--- Activity ---
Copy out the entries that follow, exactly as written.

--- Data supplied ---
= Beginning of Section =

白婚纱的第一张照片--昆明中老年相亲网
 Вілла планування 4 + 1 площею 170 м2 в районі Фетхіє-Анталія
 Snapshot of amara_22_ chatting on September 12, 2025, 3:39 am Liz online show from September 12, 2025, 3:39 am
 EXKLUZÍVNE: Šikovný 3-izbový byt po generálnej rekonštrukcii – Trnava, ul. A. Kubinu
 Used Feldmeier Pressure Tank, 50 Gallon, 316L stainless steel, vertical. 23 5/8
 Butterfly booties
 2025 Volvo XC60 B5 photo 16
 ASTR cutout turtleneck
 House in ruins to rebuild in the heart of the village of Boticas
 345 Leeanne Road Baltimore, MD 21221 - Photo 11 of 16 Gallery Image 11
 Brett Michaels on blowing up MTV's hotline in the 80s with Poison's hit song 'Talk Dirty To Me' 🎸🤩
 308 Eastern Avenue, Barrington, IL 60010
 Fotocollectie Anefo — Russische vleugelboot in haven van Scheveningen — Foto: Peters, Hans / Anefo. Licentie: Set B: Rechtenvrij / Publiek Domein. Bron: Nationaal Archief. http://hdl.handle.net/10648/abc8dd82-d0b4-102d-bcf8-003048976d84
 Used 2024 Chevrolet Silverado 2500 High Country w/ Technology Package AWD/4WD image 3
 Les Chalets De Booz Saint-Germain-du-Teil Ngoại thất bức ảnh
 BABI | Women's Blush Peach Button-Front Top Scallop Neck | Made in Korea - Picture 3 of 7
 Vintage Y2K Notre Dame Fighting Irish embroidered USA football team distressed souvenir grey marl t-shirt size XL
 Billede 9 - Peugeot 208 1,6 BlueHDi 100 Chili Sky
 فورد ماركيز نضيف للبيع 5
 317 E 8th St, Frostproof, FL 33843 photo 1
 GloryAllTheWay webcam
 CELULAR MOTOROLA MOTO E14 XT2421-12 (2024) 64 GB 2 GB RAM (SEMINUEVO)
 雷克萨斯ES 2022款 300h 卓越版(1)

= End of Section =

--- Task result ---
白婚纱的第一张照片--昆明中老年相亲网
 Вілла планування 4 + 1 площею 170 м2 в районі Фетхіє-Анталія
 Snapshot of amara_22_ chatting on September 12, 2025, 3:39 am Liz online show from September 12, 2025, 3:39 am
 EXKLUZÍVNE: Šikovný 3-izbový byt po generálnej rekonštrukcii – Trnava, ul. A. Kubinu
 Used Feldmeier Pressure Tank, 50 Gallon, 316L stainless steel, vertical. 23 5/8
 Butterfly booties
 2025 Volvo XC60 B5 photo 16
 ASTR cutout turtleneck
 House in ruins to rebuild in the heart of the village of Boticas
 345 Leeanne Road Baltimore, MD 21221 - Photo 11 of 16 Gallery Image 11
 Brett Michaels on blowing up MTV's hotline in the 80s with Poison's hit song 'Talk Dirty To Me' 🎸🤩
 308 Eastern Avenue, Barrington, IL 60010
 Fotocollectie Anefo — Russische vleugelboot in haven van Scheveningen — Foto: Peters, Hans / Anefo. Licentie: Set B: Rechtenvrij / Publiek Domein. Bron: Nationaal Archief. http://hdl.handle.net/10648/abc8dd82-d0b4-102d-bcf8-003048976d84
 Used 2024 Chevrolet Silverado 2500 High Country w/ Technology Package AWD/4WD image 3
 Les Chalets De Booz Saint-Germain-du-Teil Ngoại thất bức ảnh
 BABI | Women's Blush Peach Button-Front Top Scallop Neck | Made in Korea - Picture 3 of 7
 Vintage Y2K Notre Dame Fighting Irish embroidered USA football team distressed souvenir grey marl t-shirt size XL
 Billede 9 - Peugeot 208 1,6 BlueHDi 100 Chili Sky
 فورد ماركيز نضيف للبيع 5
 317 E 8th St, Frostproof, FL 33843 photo 1
 GloryAllTheWay webcam
 CELULAR MOTOROLA MOTO E14 XT2421-12 (2024) 64 GB 2 GB RAM (SEMINUEVO)
 雷克萨斯ES 2022款 300h 卓越版(1)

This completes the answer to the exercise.